The industry veterans may have created groundbreaking new products, processes or services in your industry. Some of them will be so knowledgeable and so well-networked that they are not only the go to person for anyone who needs an answer, but they’re also right person to offer the backstory on that answer and can give you a list of the subject matter experts who know even more about that particular topic than they do.

These attendees will work at your clients, competitors, partners and prospects. Your trade show strategy needs to consider how your pre-show and post-show marketing communicates with each of these attendee subgroups. Your products and services are often targeted at different expertise levels, sophistication levels, experience and/or business sizes. Your booth’s message and the overall presence you have at the show needs to be crystal clear about communicating in a way that provokes attendees to think to themselves, “Those are exactly the people I need to work with.

Smart attendees come to the show with a plan. They want to meet certain vendors, find certain products, investigate certain services and renew their relationships with existing vendors. Think about how you can help an attendee get the most out of the show. How you do that may differ for clients vs. prospects.

Partners and competitors

Shows give you a unique opportunity to meet partners, improve your network, discuss plans and check up on competitors. Don’t be shy about introducing yourself to the people in your competition’s booth and be pleasant about it. You never know what a conversation will lead to. Even the largest industries boil down to a network of influencers who set the tone and make things happen. You want to know who those people are and you want them to know of you, particularly if you intend to be one of them.

Their booth and overall presence at the show will say a lot of how they’re doing, what they intend to get out of the show and how important the show’s audience is to their business. Study what they’re doing – and what they’re not doing. You might get ideas (or not), but knowing what they’re doing will help you understand what this show means to them.

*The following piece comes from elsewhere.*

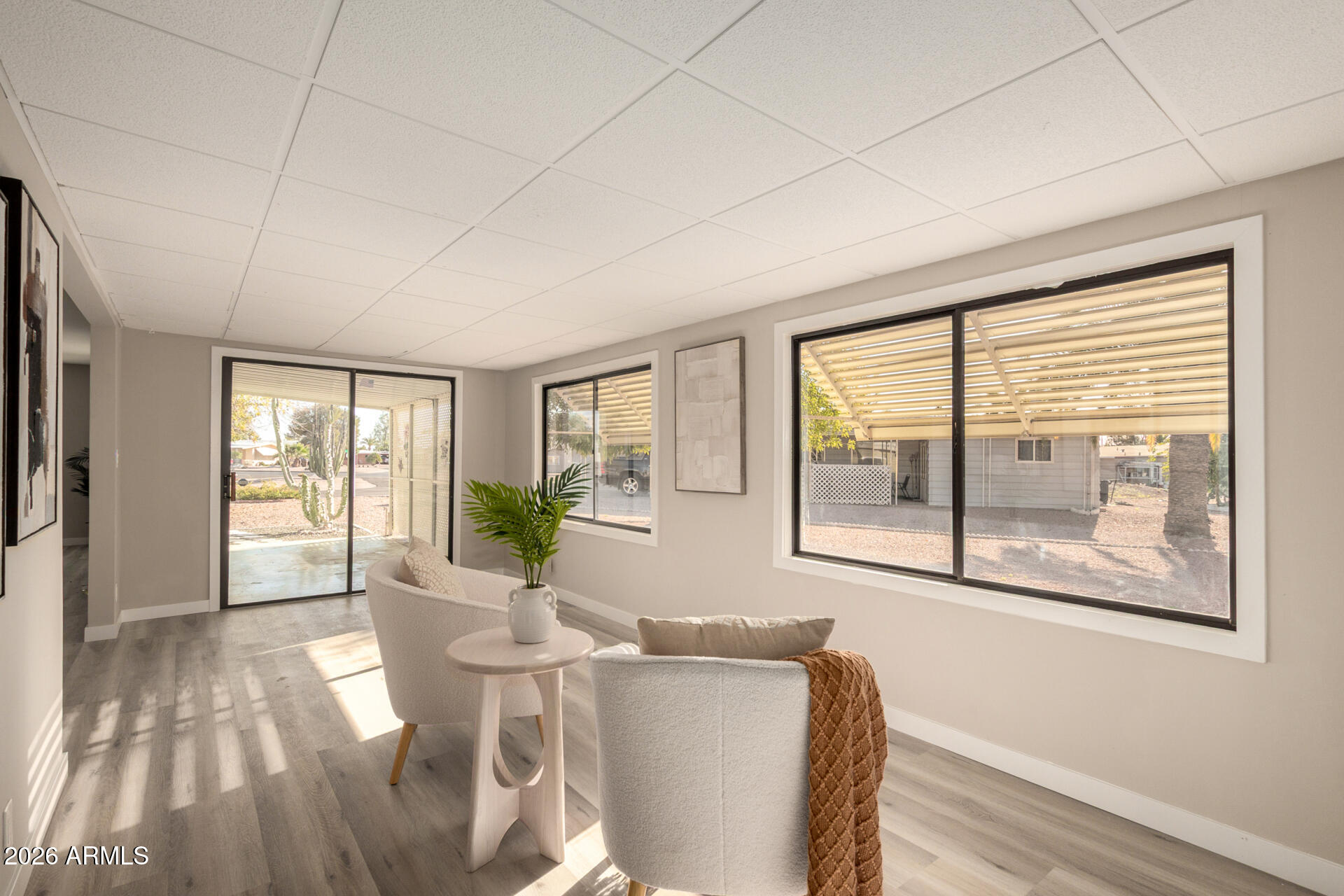 422 South 80th Way Mesa, AZ 85208 - Photo 9 of 28 a living room with furniture and floor to ceiling windows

Email and the phone are great when you have no choice, but face to face discussions with potential and existing partners can be far more productive means of communicating, while building and strengthening the relationships that great partnerships require. Take advantage of the brief face time you have with them.

Run up and follow up

One of the biggest differences between companies that leverage their appearance at a trade show and those who don’t is what they do before and after the show.

Today’s shows either seem to be growing or shrinking. How will they find you? How will they recognize your booth from the other end of the aisle? Why should they make the effort to attend a shrinking, but still-important show? What important client-only events should they attend?

Your communications prior to the show should help them not only be a better attendee, but also help them learn and plan how to make the most of the resources your business will be offering at the show.

Will your experts be there? Trying to get some private time in a busy booth to discuss a client’s not-so-public projects doesn’t work too well. Give them time to set appointments in advance in non show floor time where possible.

We’ve only scraped the surface of what you need to think about when planning a strategic trade show appearance, but this is where you start.